Published exclusively for the Times of Israel (The Jihadists Defeat Assad, We Defeat the Jihadists)
Time is the most precious commodity for a violent ruler. With time, tyranny and terror will always find the means by which to derail the law abiding Western policies. Considering the state of affairs in Syria today, time is exactly what President Obama has furnished the Assad regime with, and indirectly the Iranian nuclear program.
However, because of a rather unintentional mistake the Assad regime committed, time may, in the case of Syria, work to our advantage if we can manage the patience and the foresight to defeat Assad using a tactic from his own playbook.
Baschar al-Assad, over the last two years of battling the Syrian people, calculated that if he can turn the civil war sectarian, he can rally the support of the minorities behind his rule, and at the same time invite the Sunni Jihadists to wage their war on him. Jihadists entering Syria have the capacity to scare the West into submitting to his will, which seems to have worked considering the shift we see in the public opinion over the last few months.
The fact that 6,000 lightly armed Jihadists can cause more panic than the 500,000 Quds Forces, Hezbollah, and Assad armies can seems to be inconsequential to those agitating over the Jihadists entering Syria. Six thousands Jihadists, to some, suddenly appear to be far more lethal than Iran and its nuclear program when Assad survives this war because of an extemporaneous panic.
The hole in this Assad strategic miscalculation relied on our panic. Let us be smarter than Assad, for a change, and consider the Jihadists are a blessing in disguise rather than a source of over-extended anxiety.

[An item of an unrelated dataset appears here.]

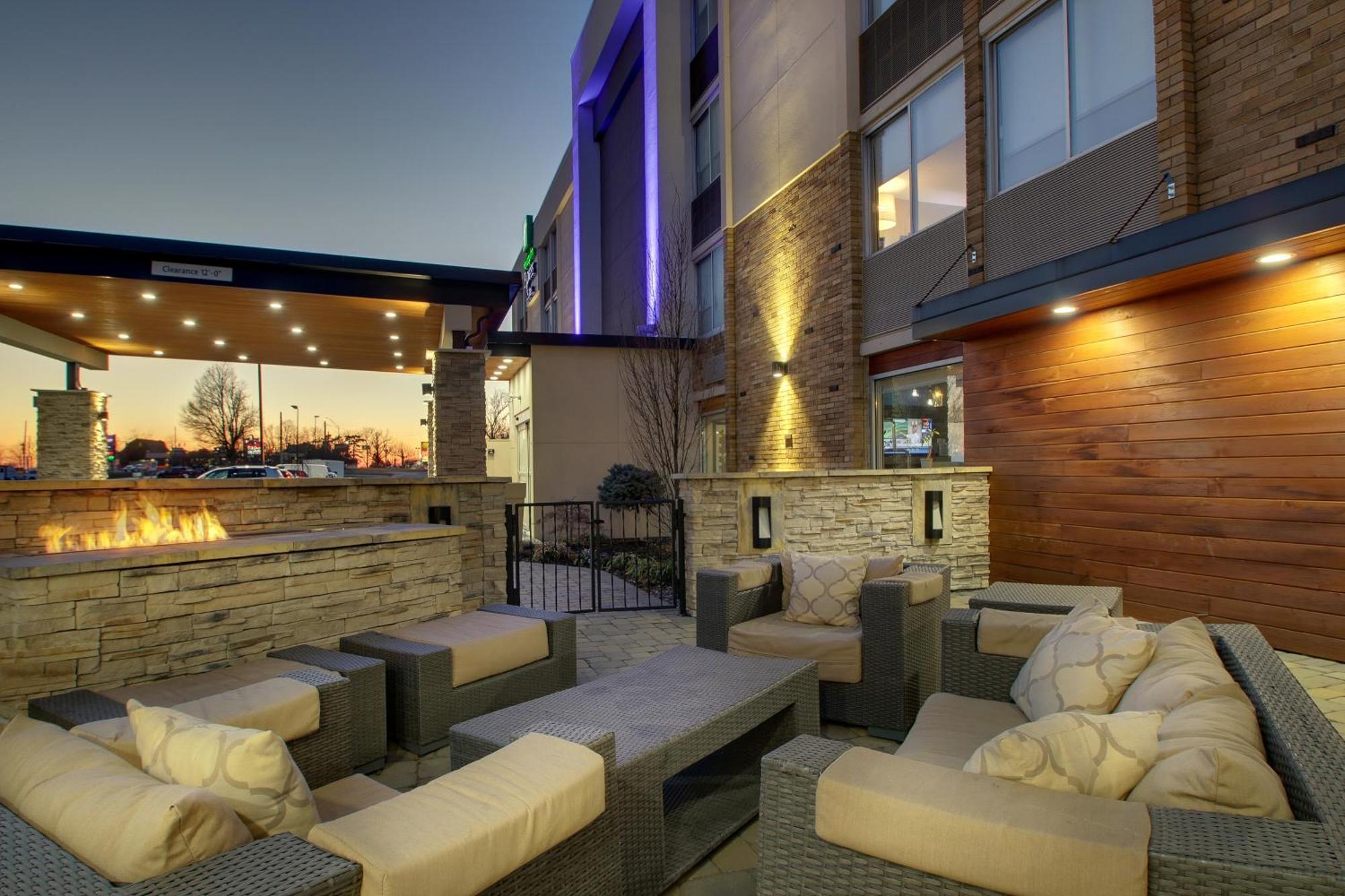 Holiday Inn Express & Suites Wapakoneta By Ihg Екстериор снимка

After all, a Jihadist is stateless, has no UN seat to run to, and no borders to make any legal claims the international community can take into consideration. A Jihadist can be droned without ruffling anyone’s feathers, he can be targeted without a need for a Kumbaya dance first, and when a Jihadist is killed, his foreign replacement is less likely to show up.

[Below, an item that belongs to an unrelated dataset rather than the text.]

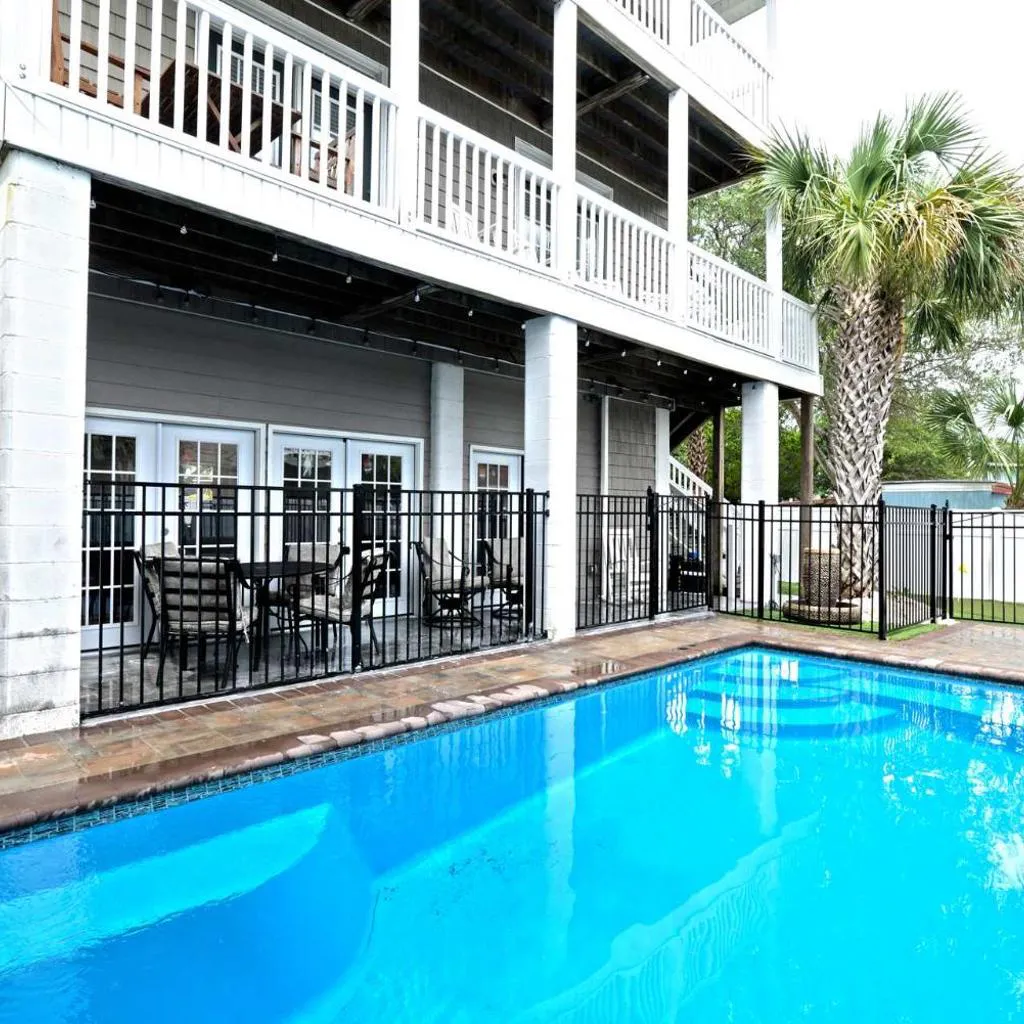 Photograph of Sun and Games House w Swimming Pool Tons of Games Putting Green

In other words, this enemy resembles the rats we take pleasure in exterminating and tell our children about it.
If Assad survives, however, the UN and the international law will forbid any action against a legal State, even if it sponsors terror. With Assad, we will be stuck with terror for possibly the next 40 years. The sensible solution is to accept the invitation the Assad regime extended to the Jihadists and turn this opportunity on him to defeat the Assad regime of terror, not extend its life.
Egypt has showed us that a liberal and a neutral army is capable of protecting its people from violence and religious terror. Having dealt personally with the Free Syrian Army ever since its high-ranking officers, already vetted by Assad for our benefit, began defecting in the summer of 2011, its leadership will provide the security to emulate what happened in Egypt after Assad is defeated.
How then can we keep the potent weapons from the Jihadists? Alternatively, and as important, how can we protect the minorities and the civilians given there is no international will for a no-fly, no-go zones?
These are the questions we should be debating, instead of panicking over 6,000 Jihadists in ways to erase our memory of why Assad built a North Korean nuclear reactor, or how he could use his chemical arsenal in the future against anyone that threatens his existence. Never trust the promises of a psychopath.
We should arm the rebels well to defeat Assad decisively, while keeping an eye on the Jihadists. The longer Assad is in power, the more time his cunning regime has to fabricate an exit that targets our fears.